In the Woods showcases a packed room and a half of new ceramic sculptures created with a sense of humor, anxiety and down-to-earthness from Sally Saul in her second solo show at Rachel Uffner Gallery.
The array of sculptures within the space play and interact with our senses of familiarity and comfort while also introducing us to a "new normal." A new struggle, a new challenge, a new moment and a new movement. This show forces us to understand that one way to deal with this shitshow of a pandemic is well, to embrace it. (While wearing a mask, please).
During the last several months of living amidst the coronavirus and its subsequent social sorrows, Saul (married to the incredible Peter Saul) reflects on this confusing but unavoidable new world through her detailed expressions and use of finer details as a ceramicist. The work to me almost felt like a personal chronicling of the artists' time in lockdown, a documentation of pandemic experiences and a tribute to the American lives lost.
Sally Saul consistently incorporates the everyday into her sculptural practice, and this time is no different. At In the Woods, we get to surround ourselves with her forest of birds, flowers and the natural world too, which we can understand as her refuge over the course of this work being created.
Taking time to find enjoyment in the smaller pleasures, Saul's sculpture garden at Rachel Uffner Gallery remains light-hearted but is also question-provoking owing to its sophisticated documentative style.
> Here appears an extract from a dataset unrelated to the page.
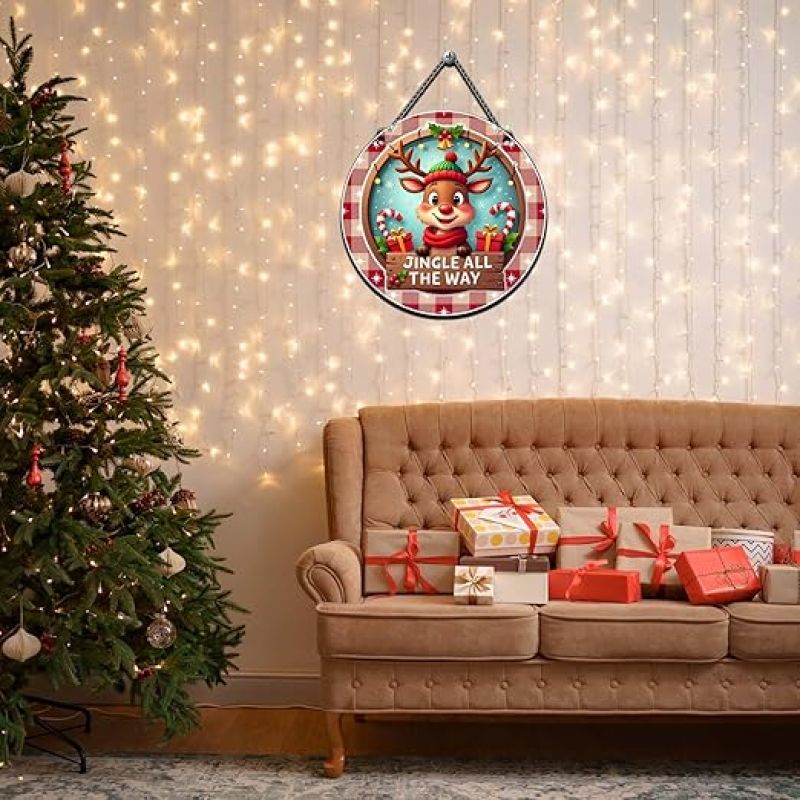 Wooden Christmas Jingle All The Way Wall Hanging Indoor Outdoor Wall Decorative for Home, Classroom, Office Christmas Home Decor Kids Room Decor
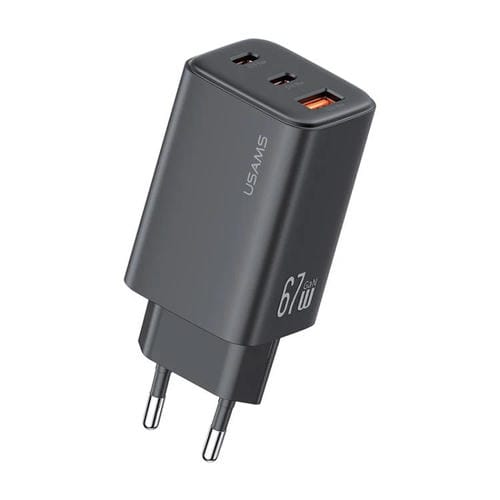 Cargador mini rápido USAMS CC265 de 67 W GaN, 2 puertos USB tipo C, con triple puerto, enchufe UE (negro)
Will artists who are alive in 2020 continue to make reference to the pandemic we currently occupy? Will self-portraits include protective gear as political or apolitical symbolism? What sort of art history are we forming or moving away from?
But forgetting about all of the more serious stuff, the works bulky form and playful undertones are also cause for a much deserved and maybe overdue giggle. This show has all of the right ingredients in it to make you forget about the weight of the world ... just for a moment.
In the Woods is showing at Rachel Uffner Gallery until Jan. 30.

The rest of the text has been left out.